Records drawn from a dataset
'''

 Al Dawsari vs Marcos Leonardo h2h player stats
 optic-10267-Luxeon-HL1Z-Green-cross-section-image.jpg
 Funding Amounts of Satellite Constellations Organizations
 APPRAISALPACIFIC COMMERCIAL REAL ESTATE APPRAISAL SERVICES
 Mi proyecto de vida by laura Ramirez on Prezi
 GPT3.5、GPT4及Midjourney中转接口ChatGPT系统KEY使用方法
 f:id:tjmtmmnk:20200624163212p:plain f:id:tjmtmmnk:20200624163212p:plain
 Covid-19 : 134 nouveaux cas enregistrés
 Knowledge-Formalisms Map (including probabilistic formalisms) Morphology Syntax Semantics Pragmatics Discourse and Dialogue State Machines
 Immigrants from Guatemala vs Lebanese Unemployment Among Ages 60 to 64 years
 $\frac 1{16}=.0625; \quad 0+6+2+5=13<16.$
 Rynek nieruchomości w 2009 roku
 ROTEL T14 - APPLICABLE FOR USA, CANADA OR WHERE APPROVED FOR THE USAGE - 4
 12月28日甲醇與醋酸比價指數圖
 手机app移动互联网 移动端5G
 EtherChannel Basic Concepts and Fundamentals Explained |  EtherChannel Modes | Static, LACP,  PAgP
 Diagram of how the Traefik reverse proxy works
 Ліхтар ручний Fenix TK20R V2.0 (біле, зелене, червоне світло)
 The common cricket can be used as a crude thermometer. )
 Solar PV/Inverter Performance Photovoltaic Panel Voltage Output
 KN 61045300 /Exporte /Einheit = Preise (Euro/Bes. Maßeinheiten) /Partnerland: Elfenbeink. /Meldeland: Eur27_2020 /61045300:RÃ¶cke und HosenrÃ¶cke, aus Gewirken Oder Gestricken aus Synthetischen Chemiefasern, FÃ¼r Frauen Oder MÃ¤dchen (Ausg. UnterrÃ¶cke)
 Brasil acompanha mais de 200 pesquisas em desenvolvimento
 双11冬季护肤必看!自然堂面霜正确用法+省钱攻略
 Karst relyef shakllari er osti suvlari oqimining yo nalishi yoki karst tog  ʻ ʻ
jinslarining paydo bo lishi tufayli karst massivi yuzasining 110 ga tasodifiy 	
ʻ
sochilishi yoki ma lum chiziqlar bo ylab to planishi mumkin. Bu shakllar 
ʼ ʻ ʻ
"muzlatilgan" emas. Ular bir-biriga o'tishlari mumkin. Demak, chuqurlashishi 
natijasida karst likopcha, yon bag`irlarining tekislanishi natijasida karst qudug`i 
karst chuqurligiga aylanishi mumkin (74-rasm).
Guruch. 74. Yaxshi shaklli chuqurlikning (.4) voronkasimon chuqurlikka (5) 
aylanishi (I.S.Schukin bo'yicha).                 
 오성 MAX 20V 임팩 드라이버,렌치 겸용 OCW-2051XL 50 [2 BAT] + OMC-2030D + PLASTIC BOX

'''

▶ WHAT YOU HAVE TO DO: Your task is to transcribe the line containing "Guruch. 74. Yaxshi" and every line after it, through the last line of the data, exactly as written and with nothing more.

▶ ANSWER FOR THIS EXERCISE:
Guruch. 74. Yaxshi shaklli chuqurlikning (.4) voronkasimon chuqurlikka (5) 
aylanishi (I.S.Schukin bo'yicha).                 
 오성 MAX 20V 임팩 드라이버,렌치 겸용 OCW-2051XL 50 [2 BAT] + OMC-2030D + PLASTIC BOX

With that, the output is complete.